One Extra P produced project that heads need not wait on is the collaborative release between L.P. and his childhood friend, Neek the Exotic, Still on The Hustle (due May 17th from Fat Beats Records). Familiar fans should know Neek from the first time he was heard rockin’ atop a Large Pro production 19 years ago on the timeless indictment of frontin’ rappers, “Fakin’ The Funk.”

“It still sounds fresh,” said Neek to DX of his introduction to the world via the 1992 soundtrack for the film White Men Can’t Jump. “And it’s still relevant; the saying is still relevant, ‘cause it’s a lot of fakin’ the funk still going on now.
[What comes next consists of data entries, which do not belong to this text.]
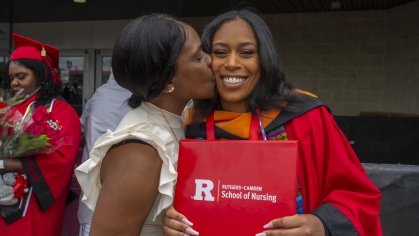 Commencement 2024 mom kissing graduate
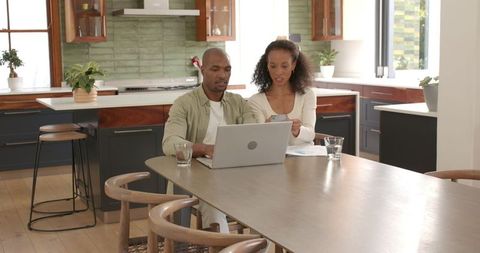 Couple Collaborating on Technology at Home Pool Ideas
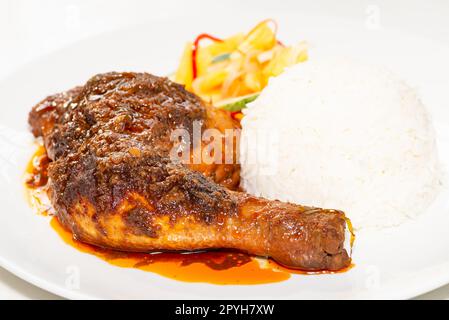 Hähnchen Rendang serviert mit Kokosmilch Reis und eingelegtem Gemüse Stockfoto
So that’s something that’s not gon’ ever change; we just have to stay in our lane and do what we do.”  

A few Extra P produced 12” singles in the late ‘90’s, (leading up to the 2003 release of his sole full-length, Exotic’s Raw), were all that was heard by the public from Neek after his debut on Main Source’s soundtrack smash.  
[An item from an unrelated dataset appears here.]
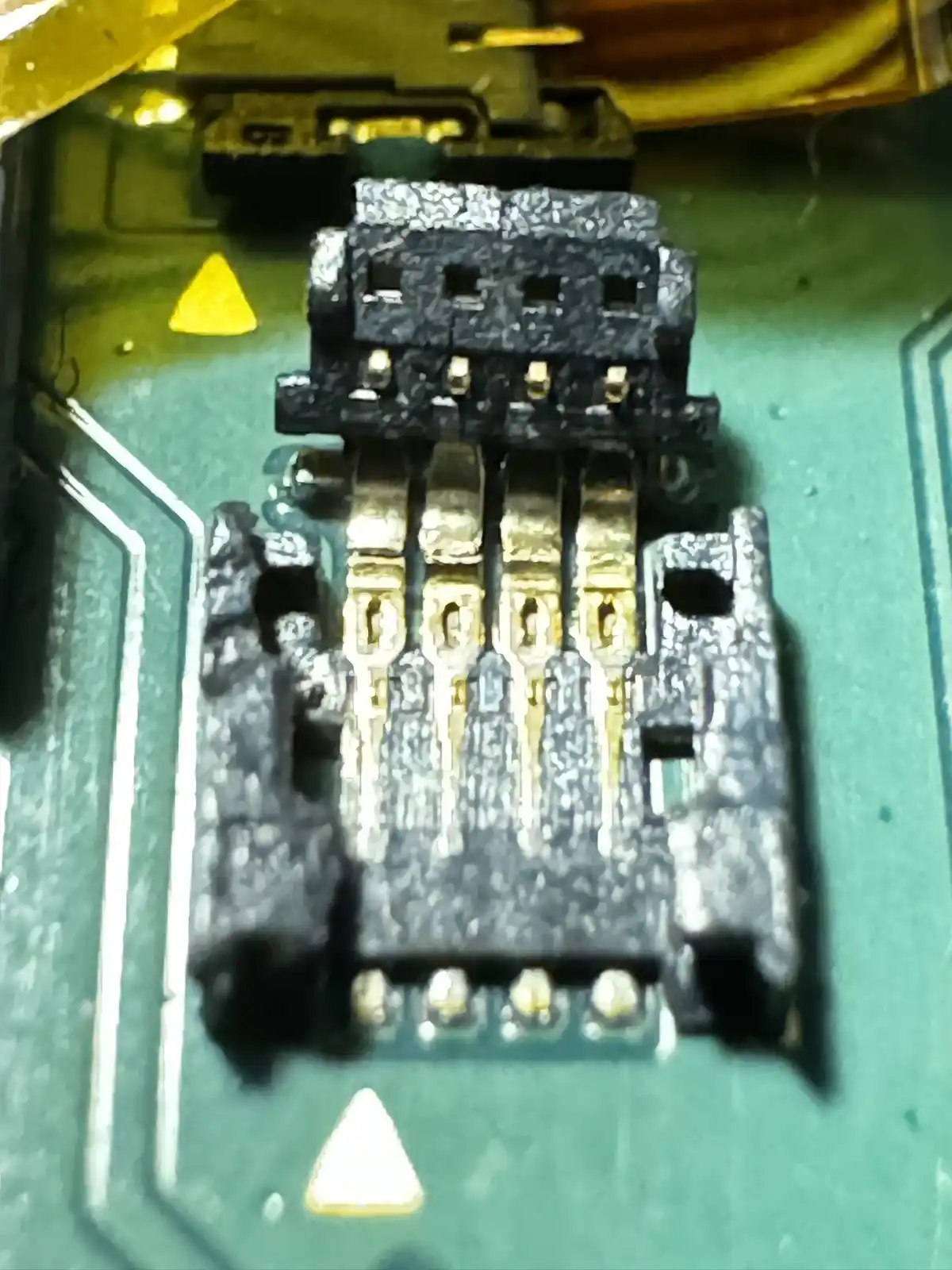 A close-up photo of a damaged electronic connector on a green circuit board, with visible burn marks and melted plastic…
“I had gotten into a lot of trouble with the law,” he explained of the reason behind his M.I.A. status following “Fakin’.” “I went away for almost four years. … Once I got out [of prison] in ’97, everything was full steam [ahead]. I kept goin’ with the music, and goin’ on tour a little bit with the Lost Boyz, ‘cause Mr. Cheeks is a friend of mine. We both been doin’ the music for years. I was their opening act for awhile. … And me and Large got back in touch; we started creating music again, and we went from there.”      

The new music Large Pro and Neek are creating (with a little help from Lord Finesse and Marco Polo) is an ode to the old music they created, as exemplified by the throwback title-track to their joint long-player.
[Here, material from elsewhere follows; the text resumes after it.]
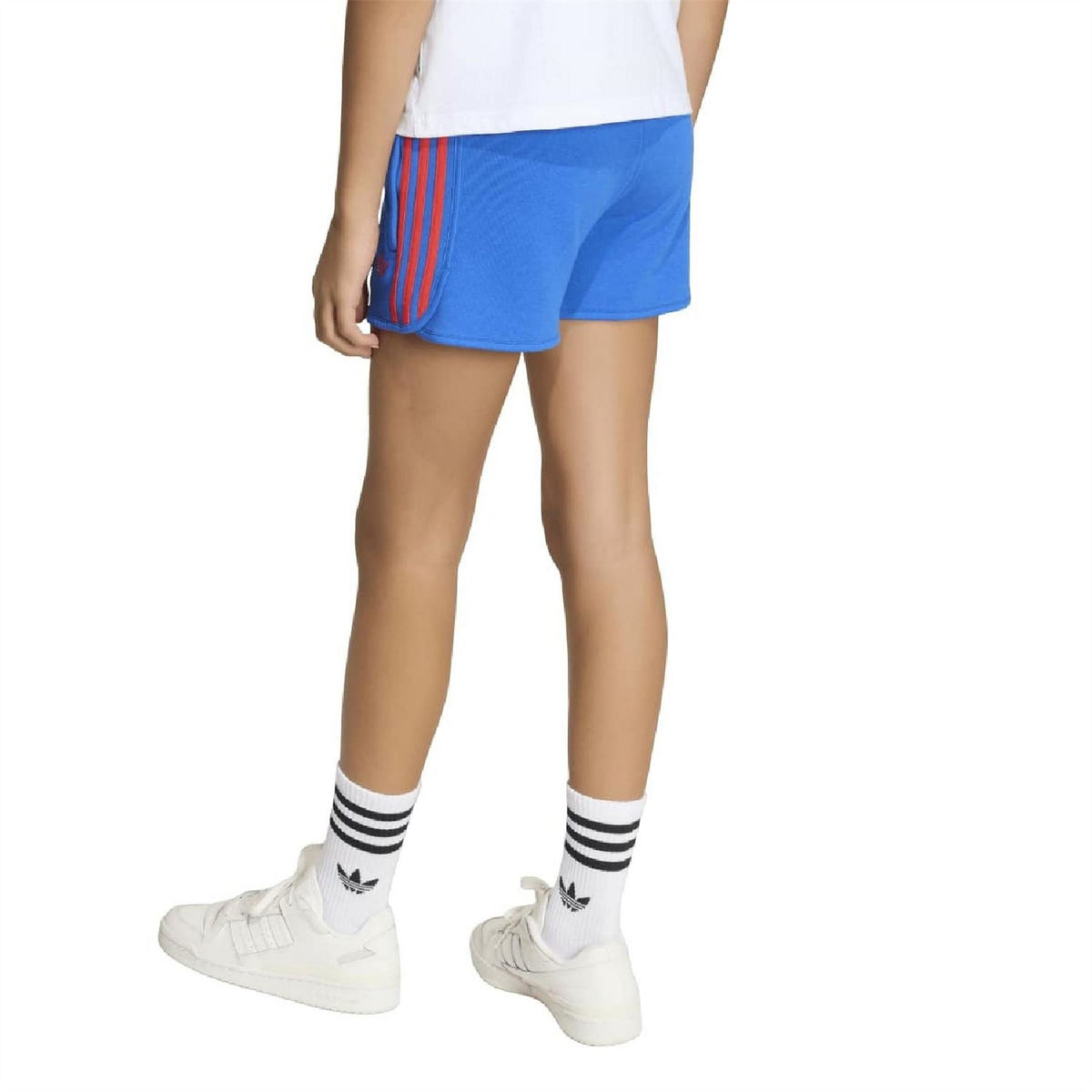 Blue juniors athletic shorts with red side stripes and sporty fit, side/back view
But it should be noted that with Extra P rhyming on only three of the album’s eleven tracks (and save for a Joell Ortiz guest spot on “Street Rebel”), Still on The Hustle is less a duo album and more of a solo showcase for Neek.

“It’s time to show people who Neek the Exotic really is, and what I’m really about,” said Neek. “‘Cause people never really heard me to really actually judge me. They just heard pieces here, pieces there.”

“Neek always had like a crazy style to me that people never really got to get used to,” added Large Pro.

Supporters of the rugged sounds that made Large Professor’s name synonymous with “raw Hip Hop” will soon get used to Neek’s style and judge for themselves what the Exotic emcee is all about.  

Still on The Hustle is just a real street album,” replied Extra P when asked for his sales pitch to the DX readership to cop his homie’s reintroduction to the game. “[It’s a] real Hip Hop [project] talking about real street shit, Hip Hop shit. We got the ill beats, as usual. We got the ill rhymes, as usual. And, fuck where everybody else is at in the game, this is where they need to be.”